DATA
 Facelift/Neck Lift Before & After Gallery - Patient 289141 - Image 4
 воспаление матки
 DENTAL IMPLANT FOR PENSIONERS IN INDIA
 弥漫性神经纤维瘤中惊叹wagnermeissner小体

...

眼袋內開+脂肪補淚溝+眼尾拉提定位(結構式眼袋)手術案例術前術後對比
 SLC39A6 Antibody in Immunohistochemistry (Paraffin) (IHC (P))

...

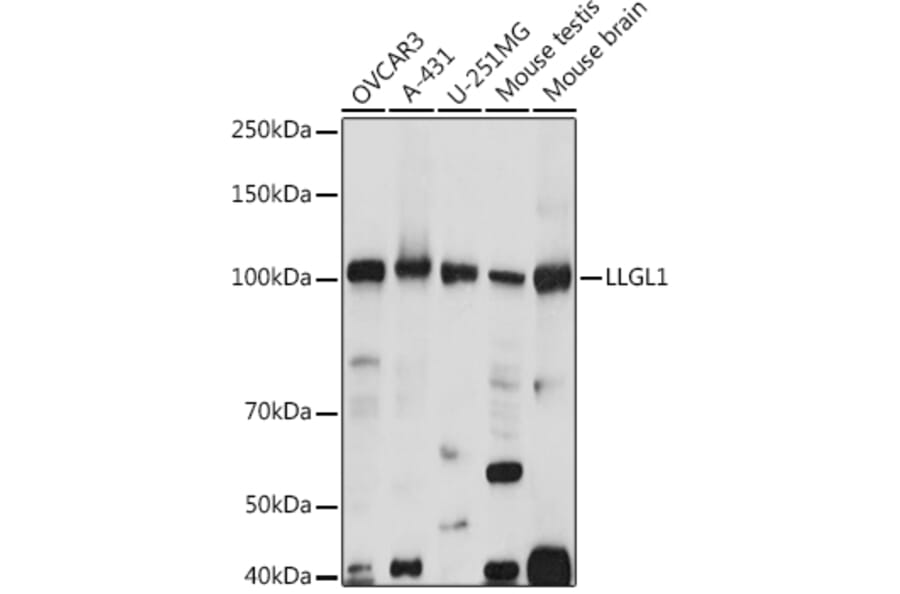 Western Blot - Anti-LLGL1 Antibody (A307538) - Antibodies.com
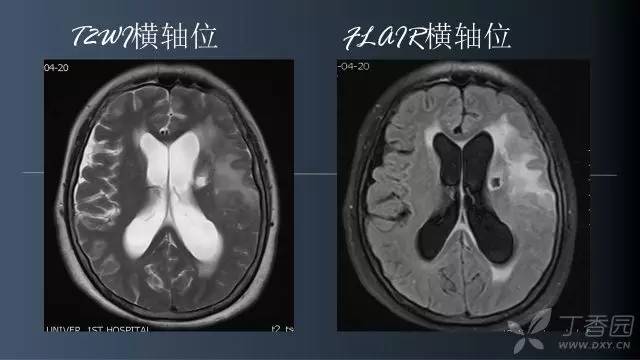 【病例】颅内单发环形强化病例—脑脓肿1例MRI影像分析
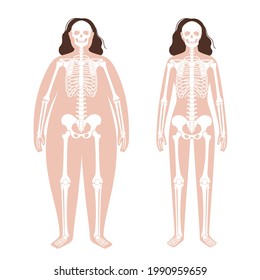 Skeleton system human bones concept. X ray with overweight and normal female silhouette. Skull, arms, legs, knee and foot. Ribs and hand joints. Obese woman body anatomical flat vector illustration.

ACTIVITY
Give again exactly, and only, the lines above starting at the one with "眼袋內開+脂肪補淚溝+眼尾拉提定位(結構式眼袋)手術案例術前術後對比" and ending at the one with "SLC39A6 Antibody in".

WORKED SOLUTION
眼袋內開+脂肪補淚溝+眼尾拉提定位(結構式眼袋)手術案例術前術後對比
 SLC39A6 Antibody in Immunohistochemistry (Paraffin) (IHC (P))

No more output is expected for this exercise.